== Source records ==
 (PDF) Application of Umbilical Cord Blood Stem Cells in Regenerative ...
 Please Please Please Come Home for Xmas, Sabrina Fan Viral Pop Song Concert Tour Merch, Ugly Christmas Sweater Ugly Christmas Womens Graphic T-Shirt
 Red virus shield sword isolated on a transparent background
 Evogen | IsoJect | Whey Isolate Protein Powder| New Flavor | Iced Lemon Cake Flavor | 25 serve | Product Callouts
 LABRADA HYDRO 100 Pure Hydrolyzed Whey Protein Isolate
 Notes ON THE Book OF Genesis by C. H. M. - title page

---

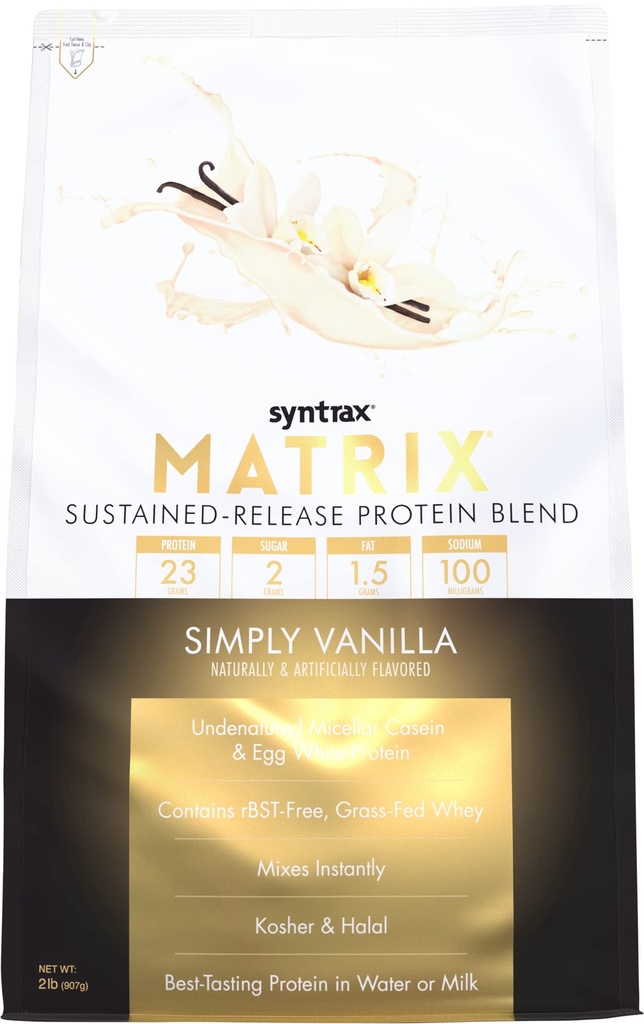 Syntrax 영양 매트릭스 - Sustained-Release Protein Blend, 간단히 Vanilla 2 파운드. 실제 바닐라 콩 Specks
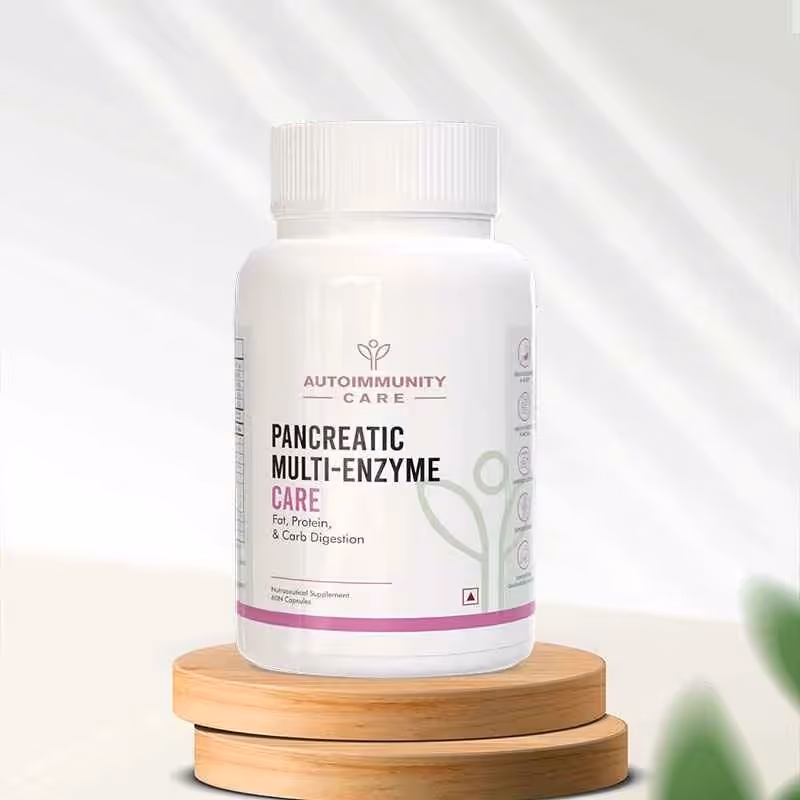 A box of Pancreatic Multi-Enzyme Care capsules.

== The problem ==
The answer is the lines above between the line holding "Evogen | IsoJect" and the line holding "Notes ON THE", inclusive, each written out exactly, and no others.

== Written response ==
 Evogen | IsoJect | Whey Isolate Protein Powder| New Flavor | Iced Lemon Cake Flavor | 25 serve | Product Callouts
 LABRADA HYDRO 100 Pure Hydrolyzed Whey Protein Isolate
 Notes ON THE Book OF Genesis by C. H. M. - title page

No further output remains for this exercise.